OK. Full marks to rookie Malcolm Butler -- who just became the answer to a Super Bowl trivia question -- for doing his homework, recognizing the formation, covering lotsa terrain in a hurry, and holding on to the ball in close quarters.
But what in the name of Student Body Right and Student Body Left was the coach who resurrected his reputation at USC thinking?
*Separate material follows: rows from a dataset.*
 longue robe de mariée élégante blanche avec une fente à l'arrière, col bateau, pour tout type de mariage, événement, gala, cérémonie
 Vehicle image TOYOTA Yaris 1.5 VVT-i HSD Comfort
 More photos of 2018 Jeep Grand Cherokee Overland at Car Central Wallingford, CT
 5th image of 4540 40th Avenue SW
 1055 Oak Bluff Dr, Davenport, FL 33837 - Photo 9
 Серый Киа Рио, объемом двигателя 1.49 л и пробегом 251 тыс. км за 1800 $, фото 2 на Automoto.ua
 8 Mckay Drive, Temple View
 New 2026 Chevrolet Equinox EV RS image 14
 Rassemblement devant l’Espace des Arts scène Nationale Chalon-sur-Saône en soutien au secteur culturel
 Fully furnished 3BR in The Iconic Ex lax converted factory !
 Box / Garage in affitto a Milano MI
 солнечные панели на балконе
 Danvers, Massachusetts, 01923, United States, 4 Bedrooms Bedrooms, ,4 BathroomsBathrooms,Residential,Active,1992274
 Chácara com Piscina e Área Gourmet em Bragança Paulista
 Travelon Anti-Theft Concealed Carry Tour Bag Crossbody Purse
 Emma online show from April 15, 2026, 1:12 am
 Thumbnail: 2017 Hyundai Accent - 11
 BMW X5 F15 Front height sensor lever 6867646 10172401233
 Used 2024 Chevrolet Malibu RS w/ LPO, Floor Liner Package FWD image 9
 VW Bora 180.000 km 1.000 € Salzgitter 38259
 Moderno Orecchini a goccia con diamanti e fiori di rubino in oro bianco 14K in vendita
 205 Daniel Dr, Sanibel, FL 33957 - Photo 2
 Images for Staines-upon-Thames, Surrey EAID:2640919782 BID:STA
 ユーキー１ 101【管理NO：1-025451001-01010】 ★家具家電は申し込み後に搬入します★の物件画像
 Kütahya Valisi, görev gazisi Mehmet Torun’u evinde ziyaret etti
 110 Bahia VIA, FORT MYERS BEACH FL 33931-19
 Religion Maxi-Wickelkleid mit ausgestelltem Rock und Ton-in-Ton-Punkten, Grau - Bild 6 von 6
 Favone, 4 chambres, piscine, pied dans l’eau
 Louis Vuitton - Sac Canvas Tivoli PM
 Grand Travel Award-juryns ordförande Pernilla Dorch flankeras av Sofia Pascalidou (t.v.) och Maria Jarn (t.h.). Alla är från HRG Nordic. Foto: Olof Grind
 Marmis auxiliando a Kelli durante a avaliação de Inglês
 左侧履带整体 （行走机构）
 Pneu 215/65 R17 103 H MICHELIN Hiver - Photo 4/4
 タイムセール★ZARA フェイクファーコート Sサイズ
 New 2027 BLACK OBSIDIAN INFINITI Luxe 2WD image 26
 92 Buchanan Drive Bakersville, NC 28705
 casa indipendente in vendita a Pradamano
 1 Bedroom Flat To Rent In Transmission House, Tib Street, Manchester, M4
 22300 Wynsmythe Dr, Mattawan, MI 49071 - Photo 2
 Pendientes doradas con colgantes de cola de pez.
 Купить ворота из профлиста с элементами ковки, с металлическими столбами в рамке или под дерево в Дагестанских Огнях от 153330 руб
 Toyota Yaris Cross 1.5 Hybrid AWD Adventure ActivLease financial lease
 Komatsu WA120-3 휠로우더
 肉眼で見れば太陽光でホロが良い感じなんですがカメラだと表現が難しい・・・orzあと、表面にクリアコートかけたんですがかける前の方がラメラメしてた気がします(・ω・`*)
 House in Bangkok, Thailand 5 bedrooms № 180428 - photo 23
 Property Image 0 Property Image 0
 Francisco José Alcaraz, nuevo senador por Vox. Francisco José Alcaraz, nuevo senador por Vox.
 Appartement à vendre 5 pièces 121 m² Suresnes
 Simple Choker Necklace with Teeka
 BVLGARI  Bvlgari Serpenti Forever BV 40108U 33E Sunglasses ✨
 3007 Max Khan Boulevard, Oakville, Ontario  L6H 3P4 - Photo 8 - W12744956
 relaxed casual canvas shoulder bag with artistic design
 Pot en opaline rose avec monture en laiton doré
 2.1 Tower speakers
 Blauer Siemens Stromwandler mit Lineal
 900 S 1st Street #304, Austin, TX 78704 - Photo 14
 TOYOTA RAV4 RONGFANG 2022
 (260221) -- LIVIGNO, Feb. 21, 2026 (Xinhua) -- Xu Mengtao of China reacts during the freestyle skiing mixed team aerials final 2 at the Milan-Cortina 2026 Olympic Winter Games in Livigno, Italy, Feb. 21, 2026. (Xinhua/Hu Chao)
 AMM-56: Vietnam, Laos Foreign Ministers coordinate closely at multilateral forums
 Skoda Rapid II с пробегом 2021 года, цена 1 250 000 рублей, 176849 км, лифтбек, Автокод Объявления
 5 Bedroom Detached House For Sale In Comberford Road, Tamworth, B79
It had to take a futile and stupid gesture of the highest order to keep big play stalwart Jermaine Kearse's acrobatic miracle catch earlier in that fateful drive from being the lasting memory of Super Bowl XLIX:
The first 59 minutes of game time actually outdid the sideshows, which wasn't all that tough this year. Katy Perry's populist halftime act had nothing for garage rockers, and only one commercial had any bite to it:
Bill Belichick's well-crafted game plan featured wounded warrior and Super Bowl MVP Julien Edelman -- wait; what? -- and the defense bottled up Russell Wilson sufficiently to keep the game within reach in spite of Tom Brady's mistakes. But only the diehards in Patriot Nation will recall much of that as the years pass.
As to everyone else?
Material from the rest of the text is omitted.